Who's In It: Monica Potter, Tony Goldwyn, Sara Paxton, Garret Dillahunt
The Basics: A family of homicidal-maniac prison escapees kidnap two teenage girls, rape them and leave them for dead. Then the killer-rapists, needing shelter from a storm, find themselves taken in by one of the girl's parents. When Mom and Dad discover what happened to their daughter, they are understandably annoyed and dispense some creative comeuppance with pickaxes and microwave ovens. Moral: committing a heinous crime 30 feet away from the only house in the area increases the likelihood of your crime's victim having some connection to that building. Next time try maybe the second to the last house on the left.
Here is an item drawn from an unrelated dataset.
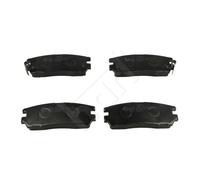 HART Pastiglie Freno Kit per Opel Frontera B 6B _5_ SUD2 5_MWL4 Isuzu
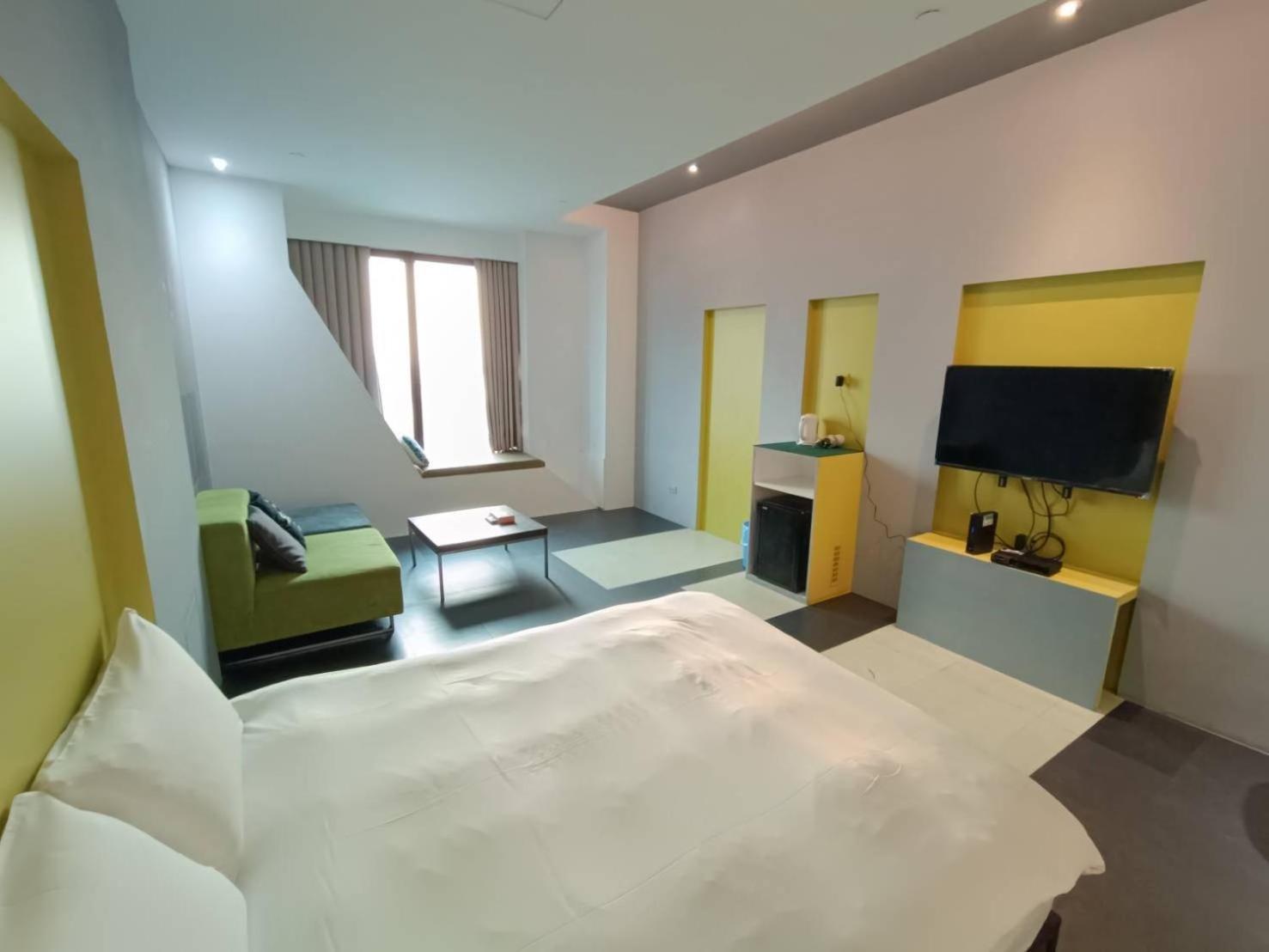 三条文旅 Apartment Каосюн Екстериор снимка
What's The Deal: If you've seen the original 1972 version of this movie (which director Wes Craven says was his response to The Vietnam War) then you know exactly what happens. But without giving away too much, I can tell you that the plot has been altered in a way that dismantles every single justification for its existence outside of the desire to witness mindless cathartic vengeance. It proves the point of a violent-movie-critiquing violent movie like Funny Games and implicates everyone who looks at it and doesn't walk out after the first 40 minutes. That means this updated quest-for-blood-soaked-justice now has no reason to live and might as well die itself. Having said that, the part with the microwave is really cool and gross and worth the admission price for gorehounds in need of a fix.
Now With Extra Rape: The early scenes of assault in the original film focused more on cheap gore makeup and fake disembowelments than on brutal protracted rape scenes. Aiming to shock a more jaded modern audience and correcting that obvious error was the apparent mandate of this remake. So now you get long, longer, loooooongest scenes of the two young women being beaten and violated. On the scale of un-sit-through-able, it's not quite at Captivity-level disgust and repulsion, but it's close. It's not fun to watch at all and will make you long for the 1972 version's comic-relief moments featuring chicken trucks and goofy banjo music. And if it is fun for you to watch then you have a problem. There, the guy who liked the microwave scene just judged you.
Impress Your Friends With Movie Knowledge You Got Off The Internet: Even the original Last House was based on Ingmar Bergman's The Virgin Spring. Except in that Swedish art-house hit there's no awesome moments of human beings getting themselves ripped apart, no one suffering through their "bathing suit area" being chewed off by a mom on the warpath and no raw documentary-like violence.